Python's Pandas and Geopandas libraries are used to manage most of the data. Most of the data retrieved from each database is managed with Pandas dataframes. Geopandas is used for GIS-specific data, including latitude and longitude points and any lines or polygons made up of connected points. Matplotlib handles objects representing static maps, and Folium is used to create objects related to Leaflet.js interactive maps.
Once the data for each project is available, it's transformed to meet the needs of the project. Pandas and Geopandas functions are used to narrow down the data to relevant information. Project 1 counts events by latitude and longitude and filters out data below the top 100 locations for events.

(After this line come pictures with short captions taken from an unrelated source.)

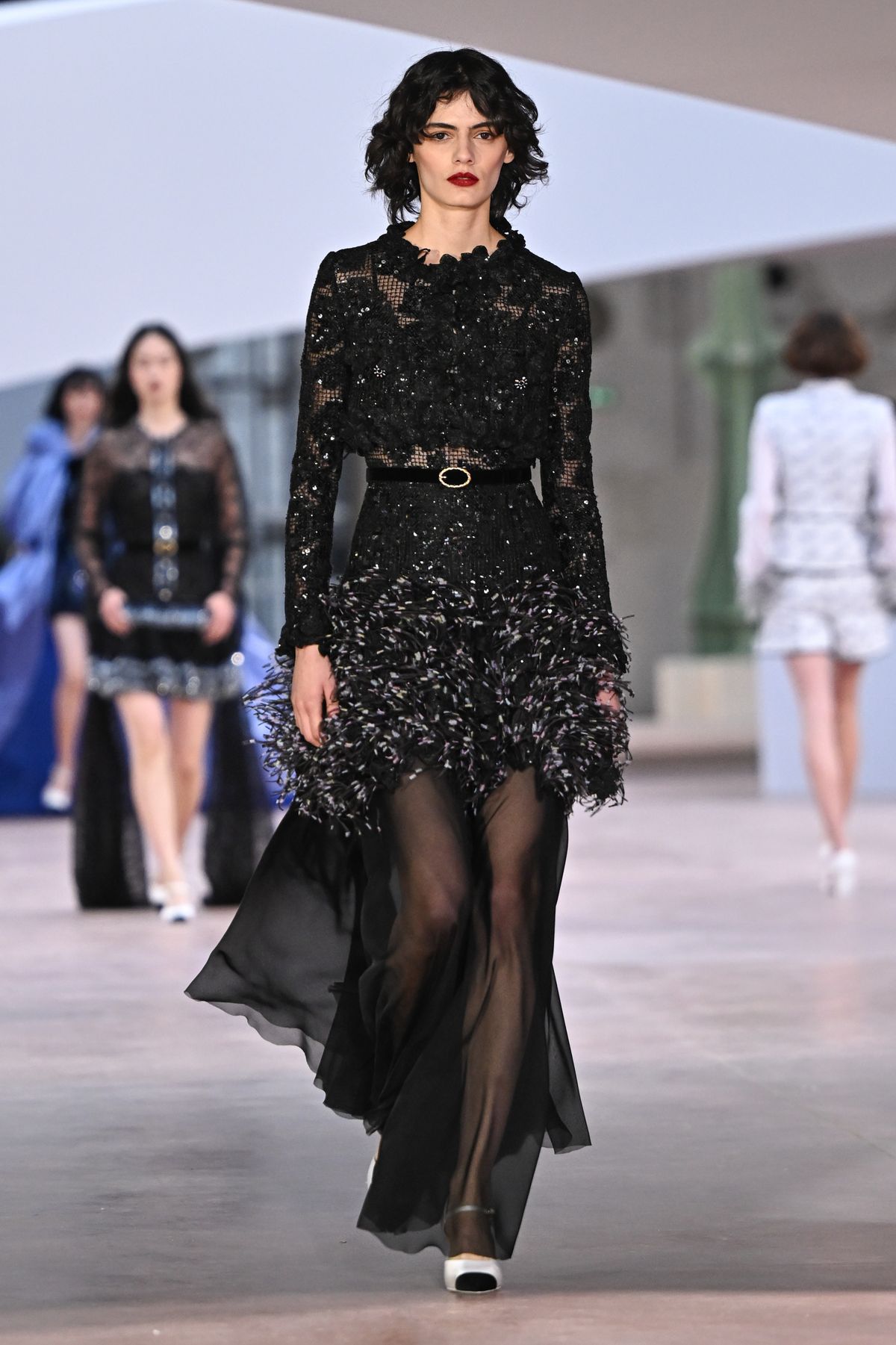 Chanel: Runway - Paris Fashion Week - Haute Couture Spring-Summer 2025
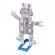 Kit constructie stem, primele principii ale fizicii aplicate, gigo toys, 56 piese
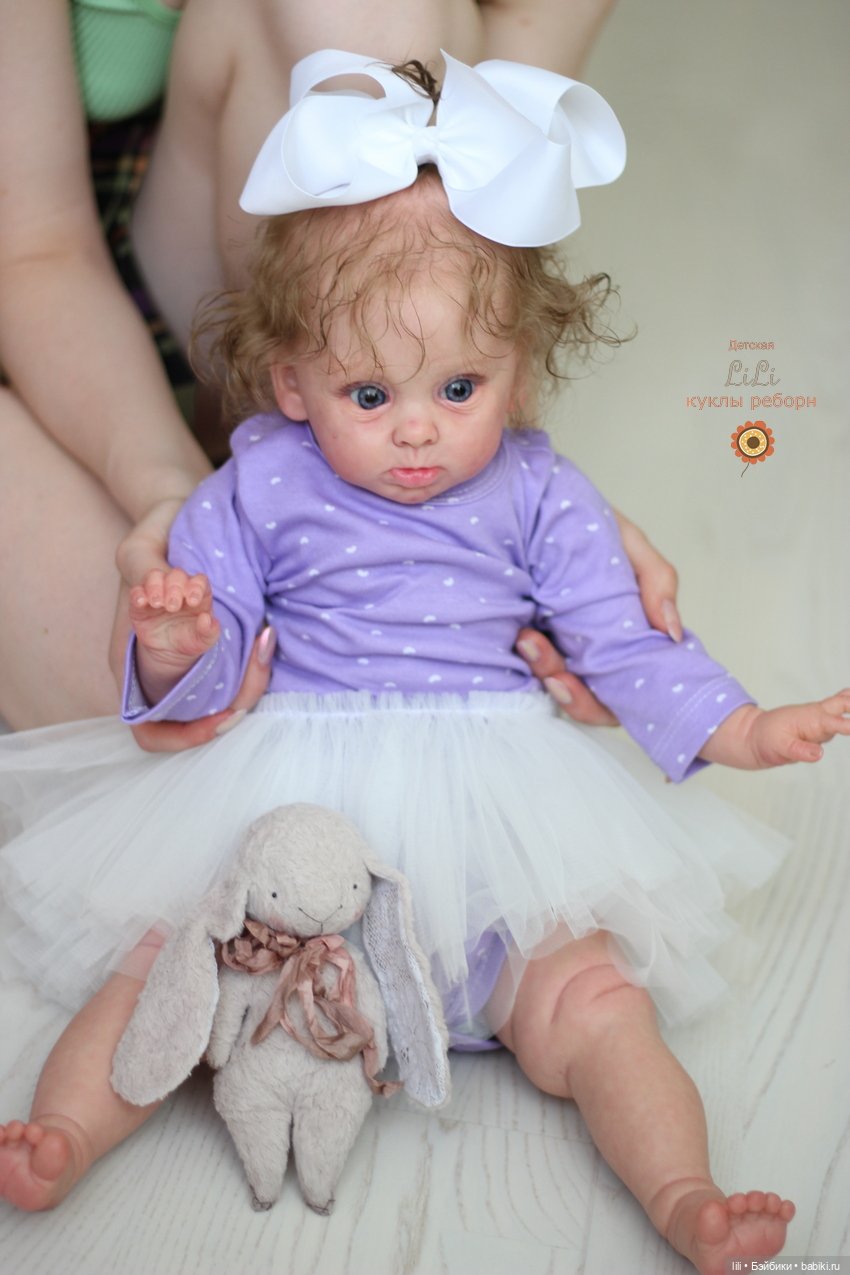 Балеринка Аделаида — Молды и прототипы Реборн (Reborn): новинки (фото 6)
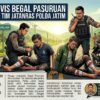 ‎Dua Residivis Begal Pasuruan Dilumpuhkan Tim Jatanras Polda Jatim ‎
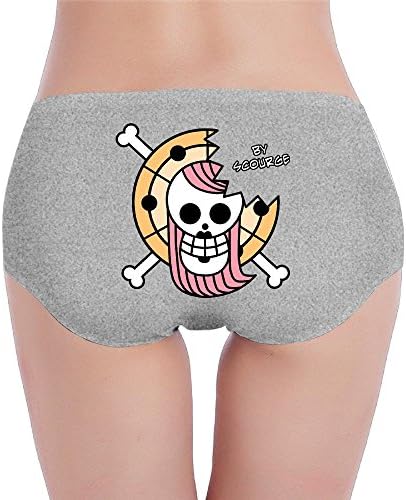 GGMMok Women's Pirates Apoo Jolly Roger Scource Briefs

In project 2, the data is aggregated by a map of U.S. climate divisions defined by the NOAA. Project 3 transforms several data sets, the most major example being that traffic data and population data are combined to form a per capita data set. Project 4 uses Pandas to filter out unnecessary data and aggregate data by state.
Each project makes a final transformation to display the data as a map. Usually this is with a function of Matplotlib or Folium. For example, in projects 3 and 4, Folium's Circle function draws bubbles centered on latitude and longitude points.
Pandas functions are used to read in data from csv files in most cases. Project 1 uses Google BigQuery to access data archived by GDELT without reading a specific file. Kaggle's API is called in projects 2, 3, and 4 to download specific data sets relevant to those projects.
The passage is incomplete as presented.